Let $c_o$ be the set of the sequences who converge to $0$. Consider the map
$$\varphi:c_o\rightarrow \mathbb{R}\ \ \text{or} \ \ \mathbb{C}$$ Such that for every $(a_j)_j \in c_o$ $$\varphi((a_j)_j)=\sum_{j=1}^{\infty} \frac{a_j}{2^j}$$
I want to compute the norm of the operator $\varphi$ and show that $||\varphi||_{op}=1$, i.e.:
$$\sup_{x\in c_o}\frac{|\varphi(x)|}{||x||_{\infty}}=1$$
I`m kinda stuck in how to proceed. Also, the exercise does not say that the norm in $c_o$ is $|| \ \ ||_{\infty}$, is it likely to be the right one?
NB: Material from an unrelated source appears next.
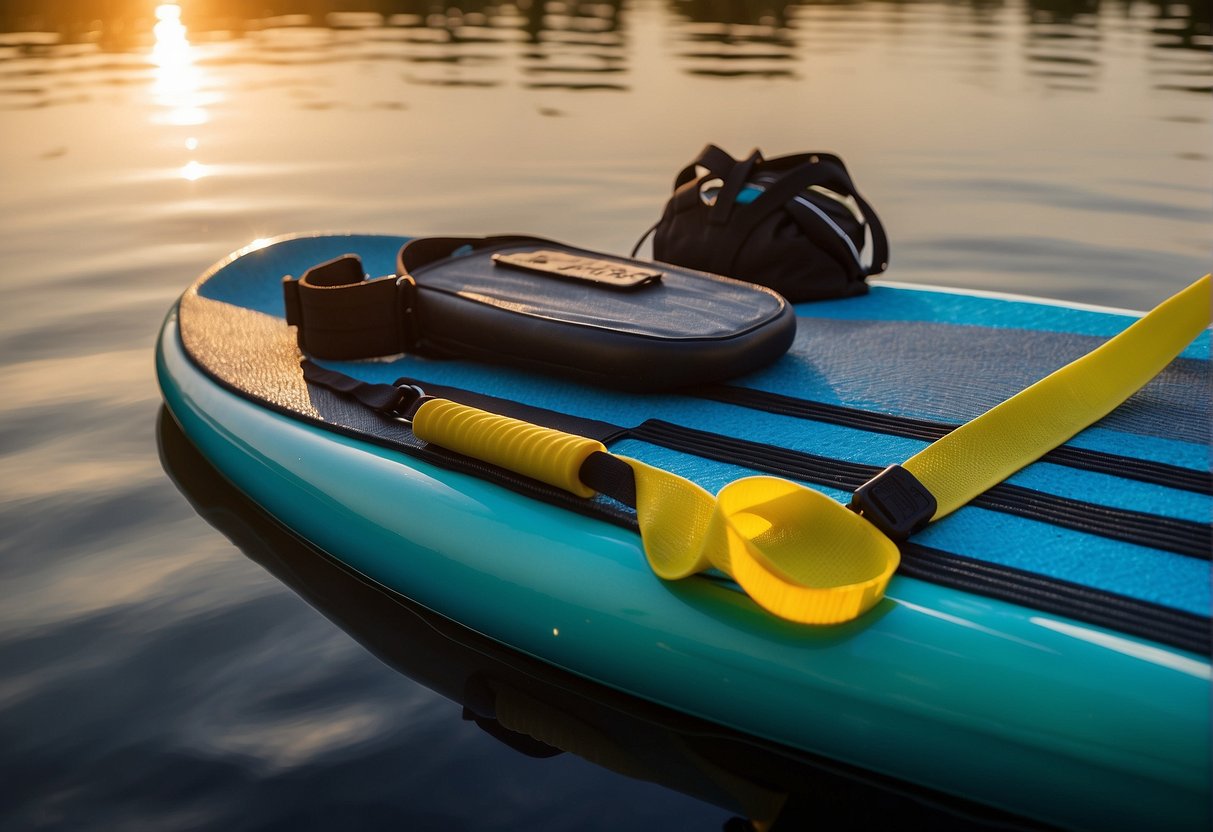 A paddle board with attached fitness accessories, including resistance bands and a yoga mat, floating on calm water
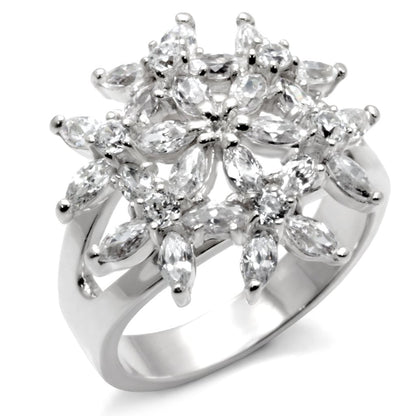 High-polished 925 sterling silver ring with AAA grade cubic zirconia from Turquoise Tiger, showcasing a sleek, shiny design.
Indeed the norm in $c_0$ is the $|\!|\cdot|\!|_{\infty}$ norm. Clearly the norm of your functional is at most $1$ because if $(a_j)\in c_0$ is an element whose norm is at most $1$, then $$\left|\sum_{j=1}^{\infty}\frac{a_j}{2^j}\right|\leq\sum_{j=1}^{\infty}\frac{1}{2^j}=1$$ to see that the norm is precisely $1$, let $\varepsilon>0$. Choose $N$ sufficiently large so that $\sum_{j=1}^N\frac{1}{2^j}>1-\varepsilon$. Let $a_0=(a_j)\in c_0$ be the element whose first $N$ entries are $1$ and all the rest are zeros. Then the norm of $\varphi(a_0)$ is greater than $1-\varepsilon$. Since $\varepsilon$ was arbitrary, this proves that the norm of $\varphi$ is not smaller than $1$.